Against the said order passed by the ITO, the assessee preferred an appeal before the CIT(A) and the CIT(A) after examining assessee's contentions granted relief to the assessee.
Against the decision of the CIT(A), the Department came up in appeal to the Tribunal. The Tribunal after examining the provisions of cl. (iv) of sub-s. (1) of s. 36, the Rules and the notification, already referred to, observed, inter alia, as follows :
"The statute, the Rules and the notification thus appear to us to be in complete harmony with each other and the limitation of allowing eighty per cent of the initial contribution only and its spreading over a period of five years does not appear to be militating against any of the provisions of either the statute or the rules referred to above.

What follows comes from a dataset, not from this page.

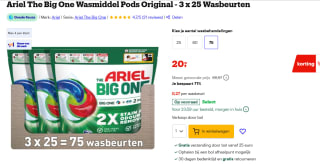 Ariel The Big One Wasmiddel Pods Original - 3 x 25 Wasbeurten voor €20 bij Bol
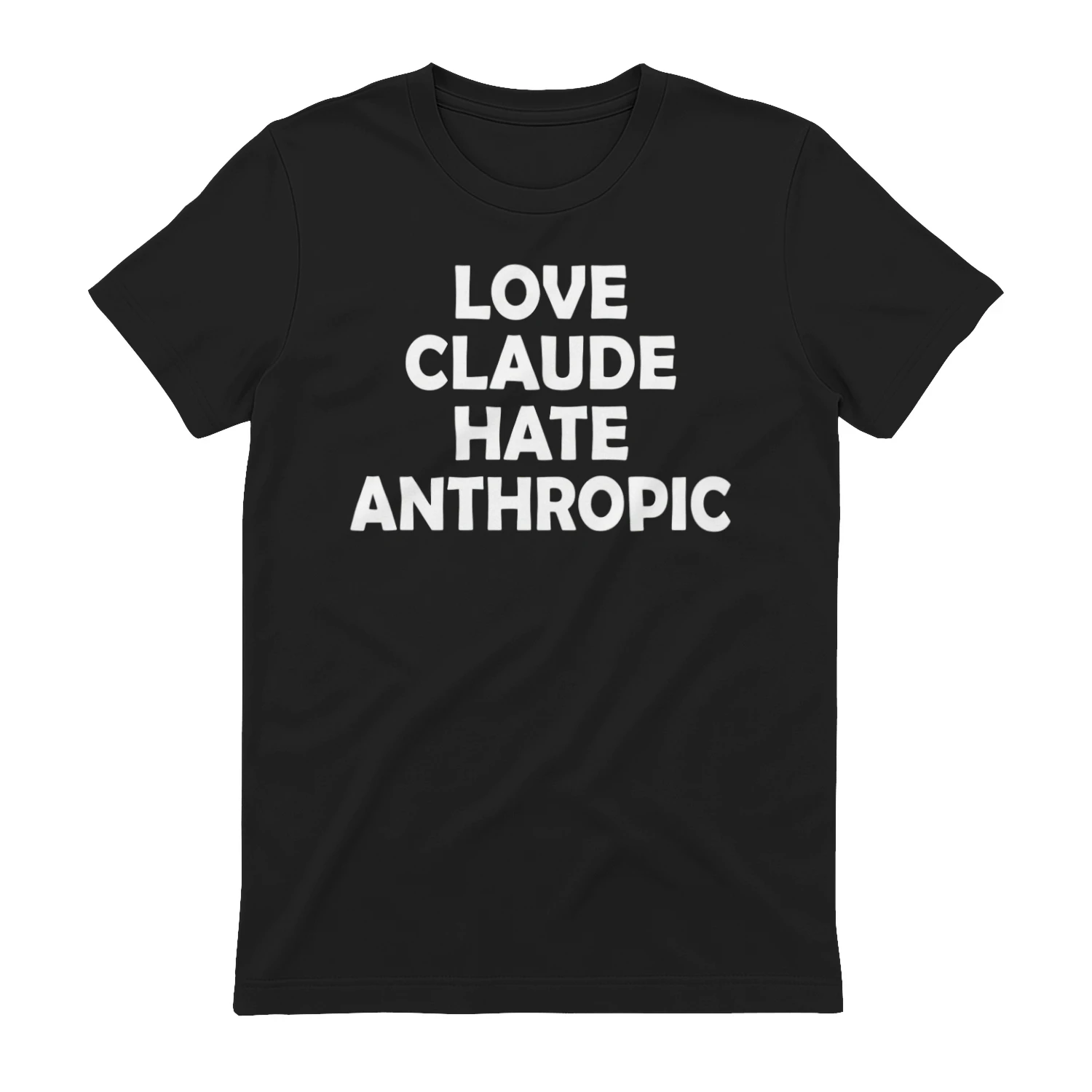 LOVE CLAUDE HATE ANTHROPIC" Funny AI Developer T-Shirt – Tech Humor Graphic Tee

The notification and the Rules supplement each other and have to be read together in a harmonious manner."
4. The first question is now concluded by the decision of this Court delivered on 5th Feb., 1990 in IT Ref. No. 113 of 1985 in the case of CIT vs. Union Carbide Ltd. Following the aforesaid decision, this question of law is answered in the negative and in favour of the assessee.
(3.) WITH regard to the second question, the facts are as follows :
"The assessee owned a flat in respect of which it was allowed depreciation at Rs. 13,840 during the aforesaid previous year. The said flat was given by the company to one of its employees, Mr. K. Mubayi. The said flat had been purchased by the company only two and a half months before the end of the previous year and so Mr. Mubayi could occupy it only for the said duration. The IAC took into account the depreciation at Rs. 13,840 while computing the limit of allowances to be allowed to the company in terms of sub-s. (5) of s. 40A. The company, however, claimed that depreciation for 2-1/2 months only should be taken into account for purposes of sub-s. (5) of s. 40A and not the entire depreciation for the entire year. The aforesaid plea of the company was not accepted by the CIT(A). The Tribunal also did not accept it. After referring to the provisions of sub-cl. (ii) of cl. (a) of sub-s. (5) of s. 40A, the Tribunal observed, inter alia, as follows : `It will be patent from the aforesaid reading of the language of sub-cl. (ii) to cl. (a) of sub-s. (5) of s. 40A that what is to be disallowed is not the proportionate allowance but the allowance to which the assessee is entitled to and which has been allowed to it in the normal course. Whatever be its quantum it would be disallowed. There is no provision for relating it to the period of the user of the asset in question by the employee. The contention of the assessee is, therefore, without any substance whatsoever and we accordingly reject it'."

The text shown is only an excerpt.